▶ [PROMPT] Go to the line containing "Costos Cirugía Bariátrica" below; retype it and all following lines exactly, and leave out the pictures.

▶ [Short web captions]
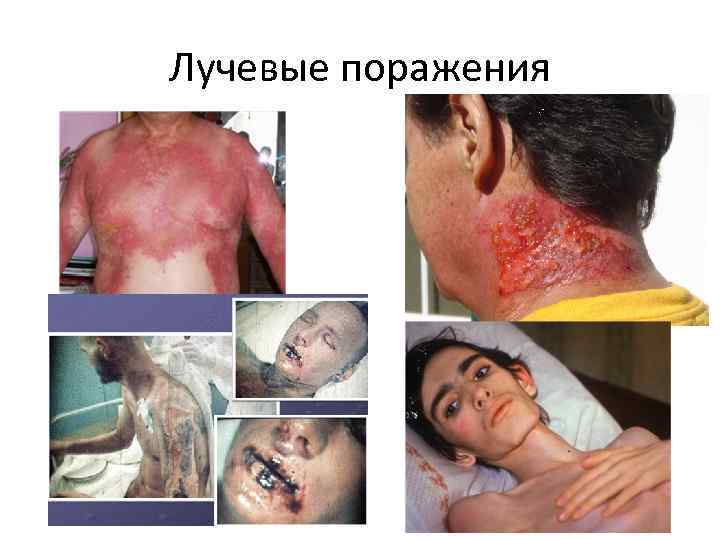 Лучевые поражения 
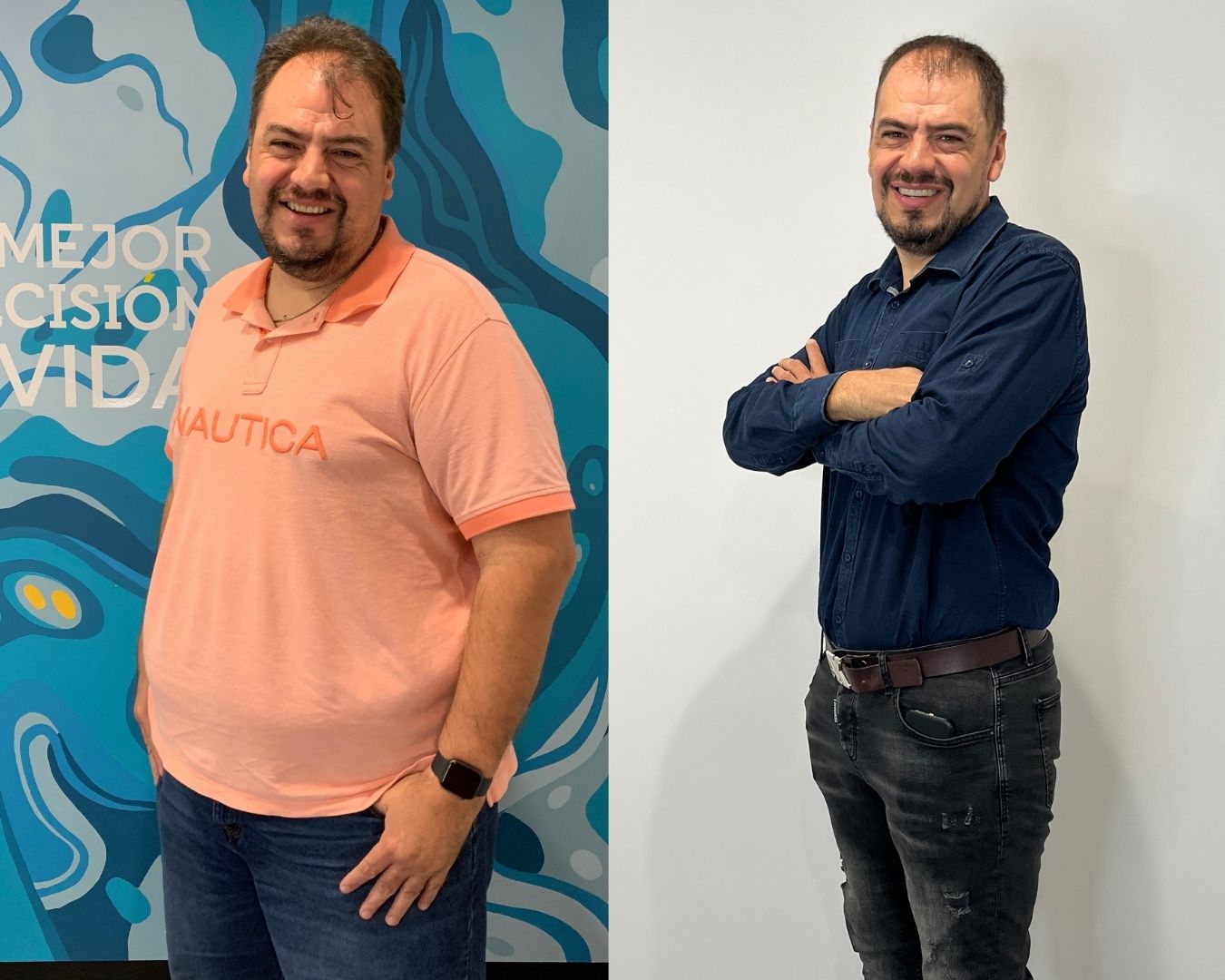 Costos Cirugía Bariátrica en Ciudad de México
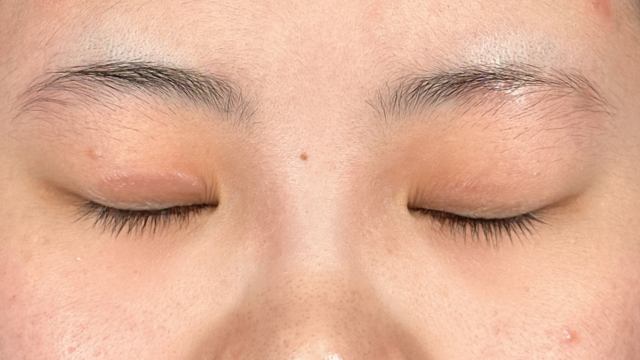 Preoperative Condition Part 1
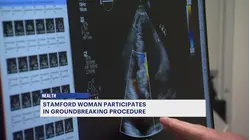 Stamford woman participates in groundbreaking procedure to repair leaky heart valve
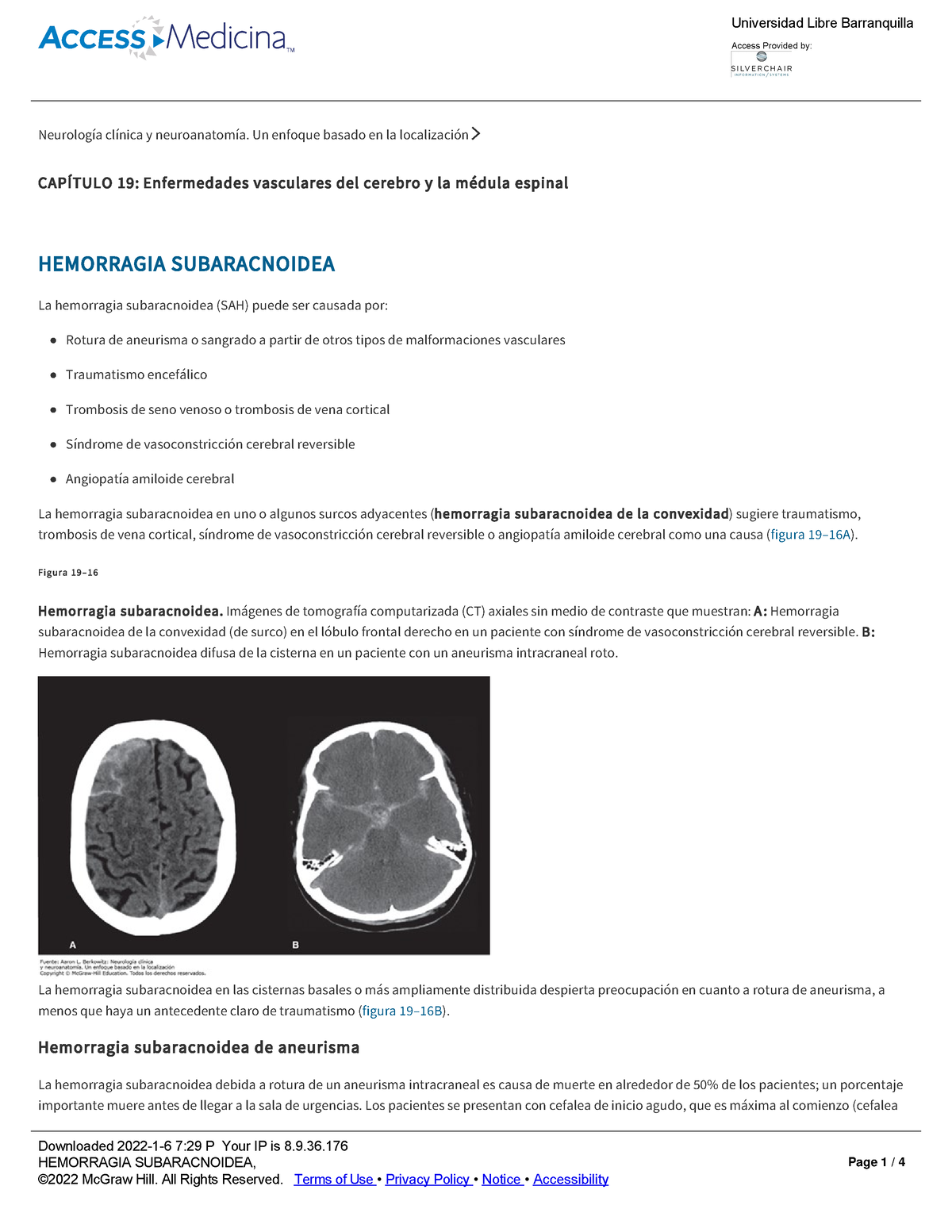 Hemorragia Subaracnoidea - Neurología Clínica Y Neuroanatomía. Un ...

▶ [OUTPUT FOR THIS EXERCISE]
 Costos Cirugía Bariátrica en Ciudad de México
 Preoperative Condition Part 1
 Stamford woman participates in groundbreaking procedure to repair leaky heart valve
 Hemorragia Subaracnoidea - Neurología Clínica Y Neuroanatomía. Un ...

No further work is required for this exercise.